(Assignment) Please give the whole listing again exactly, without any of its pictures.

(The data)
****************************************
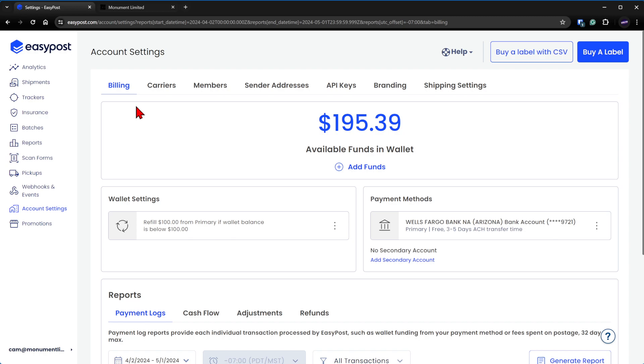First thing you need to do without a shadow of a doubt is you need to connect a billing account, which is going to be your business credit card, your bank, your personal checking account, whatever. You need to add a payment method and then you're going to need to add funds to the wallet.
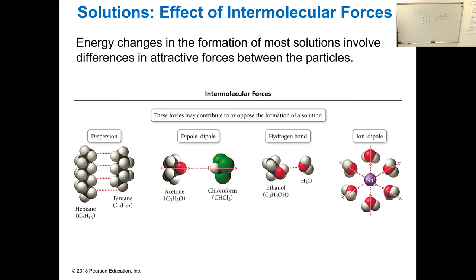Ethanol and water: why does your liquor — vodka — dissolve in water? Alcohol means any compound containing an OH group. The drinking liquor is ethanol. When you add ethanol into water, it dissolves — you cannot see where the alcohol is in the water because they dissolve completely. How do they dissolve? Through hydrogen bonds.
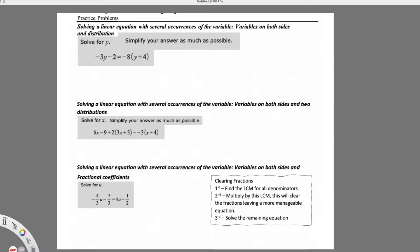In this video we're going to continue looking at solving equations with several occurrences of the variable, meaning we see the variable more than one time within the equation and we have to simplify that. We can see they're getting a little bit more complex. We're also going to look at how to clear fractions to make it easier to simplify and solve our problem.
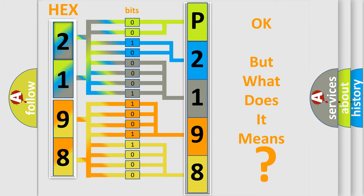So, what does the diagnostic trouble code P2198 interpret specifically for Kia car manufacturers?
****************************************
(Output)
First thing you need to do without a shadow of a doubt is you need to connect a billing account, which is going to be your business credit card, your bank, your personal checking account, whatever. You need to add a payment method and then you're going to need to add funds to the wallet.
Ethanol and water: why does your liquor — vodka — dissolve in water? Alcohol means any compound containing an OH group. The drinking liquor is ethanol. When you add ethanol into water, it dissolves — you cannot see where the alcohol is in the water because they dissolve completely. How do they dissolve? Through hydrogen bonds.
In this video we're going to continue looking at solving equations with several occurrences of the variable, meaning we see the variable more than one time within the equation and we have to simplify that. We can see they're getting a little bit more complex. We're also going to look at how to clear fractions to make it easier to simplify and solve our problem.
So, what does the diagnostic trouble code P2198 interpret specifically for Kia car manufacturers?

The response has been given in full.